Salesforce today published an AI Fluency Playbook, a guide the provider of software-as-a-service (SaaS) applications hopes will be used to accelerate adoption of artificial intelligence (AI) agents.
The overall goal is to enable organizations to more confidently assign tasks to AI agents, says Ruth Hickin, vice president of workforce innovation for Salesforce. In addition to concerns about job losses, many workers still simply lack the skills needed to work confidently with AI, she adds.
“Engagement is the foundation for AI fluency,” says Hickin. “It’s really critical businesses overcome the initial barrier of fear and confidence.”
The AI Fluency Playbook is based on how Salesforce has been able to employ AI agents to automate its own internal workflows. The company claims 85% of its employees now feel confident using AI tools to drive productivity in their daily work, representing a 16% increase year over year.
The Agentforce in Slack tool, for example, is credited with saving Salesforce employees over 500,000 hours, while an Engagement Agent helped manage 190,000 sales leads, the company claims. A Service Agent handled more than two million support requests for the customer service team.
After initially touting workforce reductions, Salesforce CEO Marc Benioff has since admitted the company was over confident in terms of the degree to which AI would automate internal processes.
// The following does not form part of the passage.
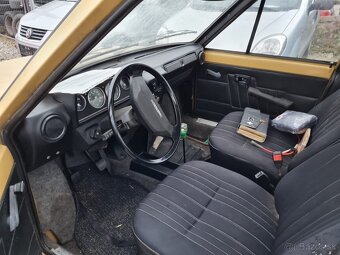 Škoda 105 1976 - 4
Nevertheless, the Salesforce CEO remains a staunch advocate of digital business transformation enabled by AI.
In the meantime, most organizations continue to experiment with AI. While there are clear opportunities to reduce the amount of time required to perform specific tasks, the frameworks needed to orchestrate and govern AI agents have not yet been widely adopted.
In general, there needs to be more focus on the people and processes to realize the potential of an incredible technology, says Dan O’Brien, president and COO of the Futurum Group.
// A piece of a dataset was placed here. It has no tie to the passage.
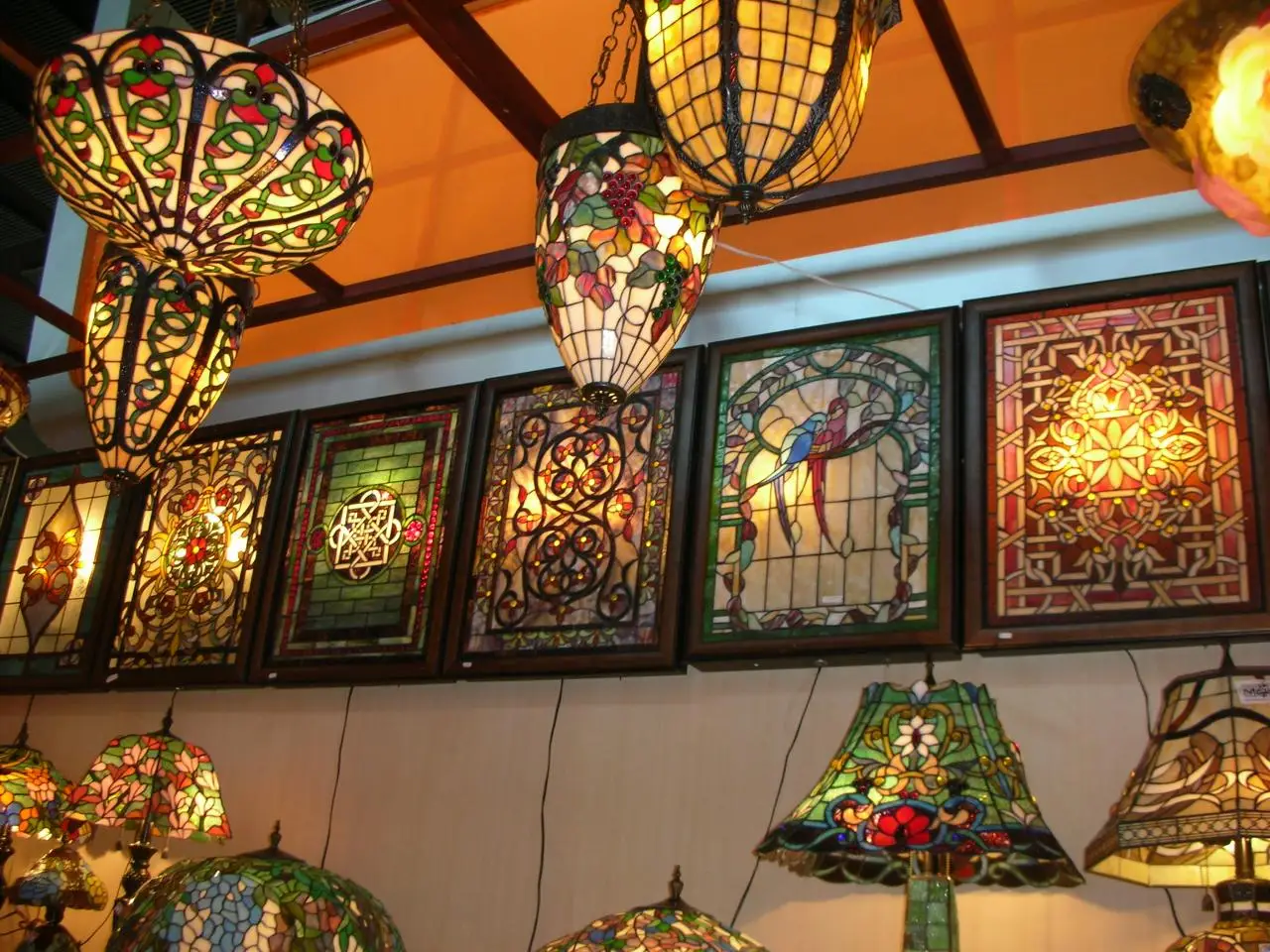 Лампа с цветным стеклом мозаика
“The early innings of the AI revolution have focused so much on the technology, but where we see companies really having the most success with AI is in rethinking their processes for the AI-era,” says O’Brien. “It needs to be more about redesigning around AI than integrating AI into existing processes.”
It’s not clear to what degree organizations are proactively training employees to take advantage of AI technologies. In some cases, organizations have made available formal training programs, while in other instances business leaders are mostly hoping that the rank and file will discover how best to, for example, make use of AI agents on their own. The challenge with the latter approach is that it often results in a lot of trial and error, with successes often difficult to replicate across the organization as a set of best practices.
Ultimately, it’s not a question of whether AI will be adopted so much as it is now to what degree. There are still numerous reliability issues that organizations will need to address before a set of probabilistic generative AI technologies can be relied on within the context of what are often deterministic processes that need to be completed the same way every time. Most organizations have also yet to fully come to terms with the total cost of using generative AI tools at scale.
In the meantime, however, organizations would be well advised to develop a strategy now versus hoping that somehow a thousand flowers might one day magically bloom in a way that actually benefits the business.